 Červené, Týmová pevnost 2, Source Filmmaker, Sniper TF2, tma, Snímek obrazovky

__________________________________________________

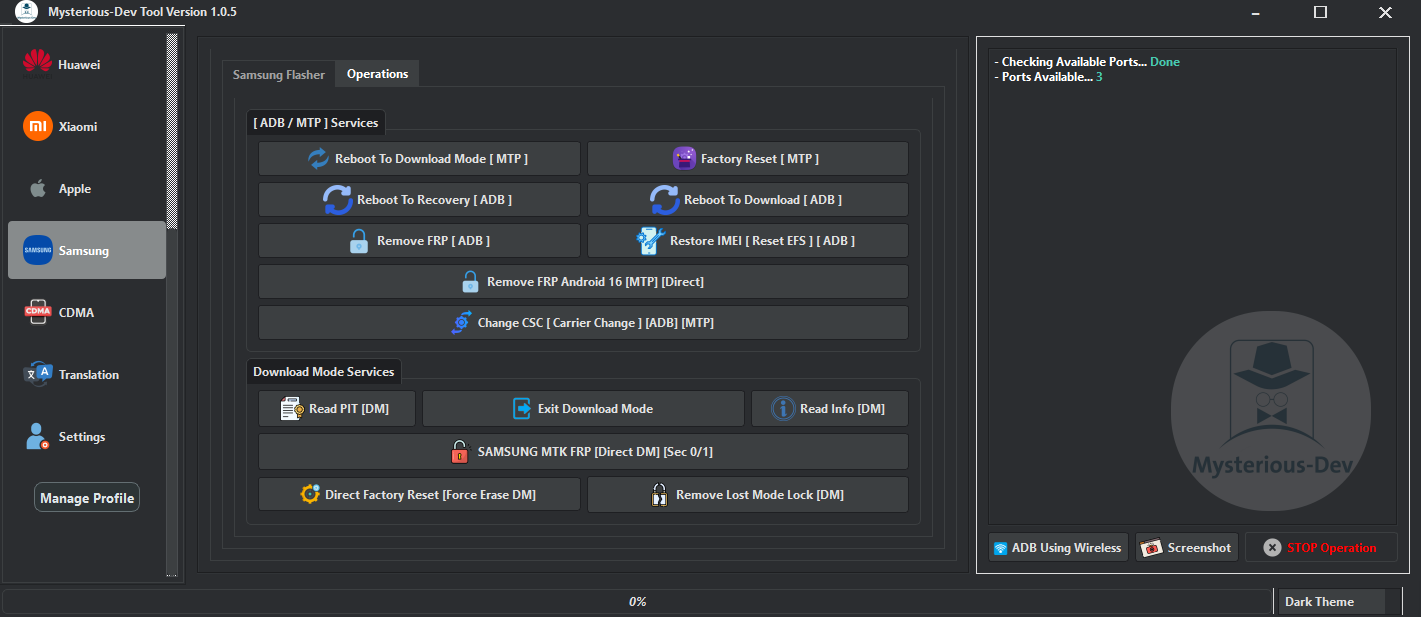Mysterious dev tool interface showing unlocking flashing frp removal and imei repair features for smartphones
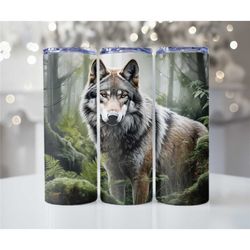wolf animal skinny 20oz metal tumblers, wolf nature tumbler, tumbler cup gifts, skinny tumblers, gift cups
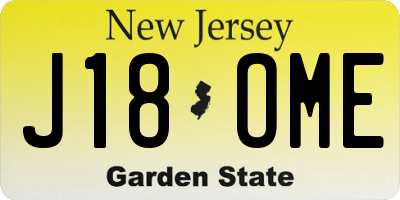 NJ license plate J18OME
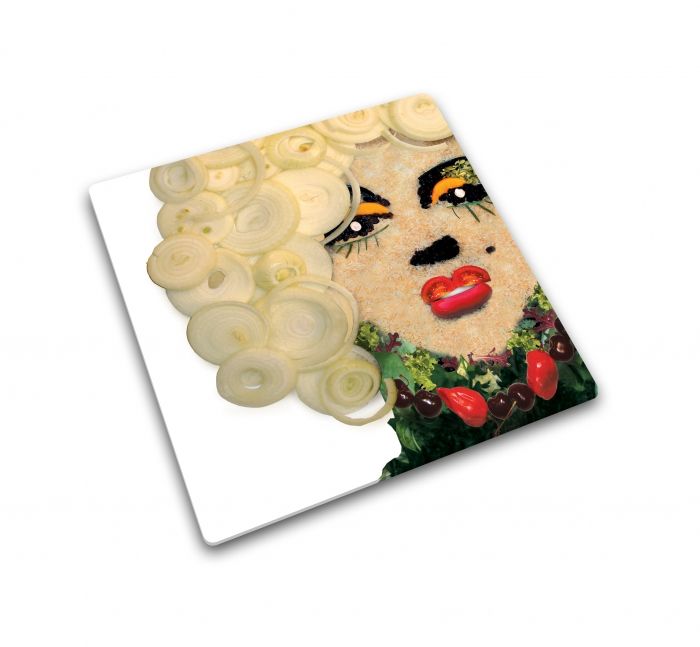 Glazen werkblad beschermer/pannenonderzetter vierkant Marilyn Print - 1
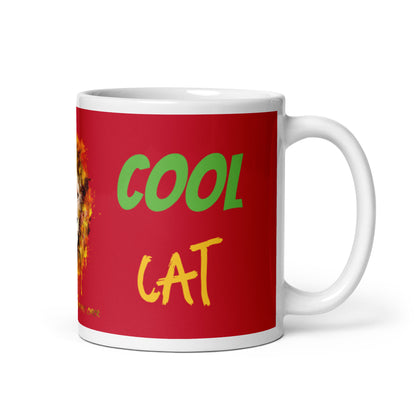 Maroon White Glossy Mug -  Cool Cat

__________________________________________________

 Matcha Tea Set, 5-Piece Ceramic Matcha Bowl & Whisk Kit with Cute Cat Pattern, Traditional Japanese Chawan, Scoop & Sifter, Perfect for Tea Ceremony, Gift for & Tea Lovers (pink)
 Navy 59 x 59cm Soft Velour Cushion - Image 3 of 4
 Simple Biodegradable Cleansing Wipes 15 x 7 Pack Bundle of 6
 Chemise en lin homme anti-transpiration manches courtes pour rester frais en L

__________________________________________________

What is required:
Your answer should consist of the lines from the line with "Simple Biodegradable Cleansing" to the line with "Chemise en lin" above, repeated exactly, both ends included.

Result:
 Simple Biodegradable Cleansing Wipes 15 x 7 Pack Bundle of 6
 Chemise en lin homme anti-transpiration manches courtes pour rester frais en L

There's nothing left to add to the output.